EXERCISE DIRECTIONS
Repeat exactly the lines of the entries below from the one with "Lippoutou 28 —" through the one with "古校夜游神韩漫全集-一章11 比死更可怕的后果无删减无遮挡章节图片", both ends included, and nothing else.

DATA RECORDS
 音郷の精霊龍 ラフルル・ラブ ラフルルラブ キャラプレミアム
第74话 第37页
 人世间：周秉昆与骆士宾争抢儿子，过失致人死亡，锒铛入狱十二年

--

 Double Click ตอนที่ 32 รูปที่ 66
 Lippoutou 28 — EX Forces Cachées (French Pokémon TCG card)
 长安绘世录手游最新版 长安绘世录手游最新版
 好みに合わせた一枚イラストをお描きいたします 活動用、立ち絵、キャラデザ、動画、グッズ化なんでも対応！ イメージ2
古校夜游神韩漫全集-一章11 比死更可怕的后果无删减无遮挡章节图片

WRITTEN RESPONSE
 Lippoutou 28 — EX Forces Cachées (French Pokémon TCG card)
 长安绘世录手游最新版 长安绘世录手游最新版
 好みに合わせた一枚イラストをお描きいたします 活動用、立ち絵、キャラデザ、動画、グッズ化なんでも対応！ イメージ2
古校夜游神韩漫全集-一章11 比死更可怕的后果无删减无遮挡章节图片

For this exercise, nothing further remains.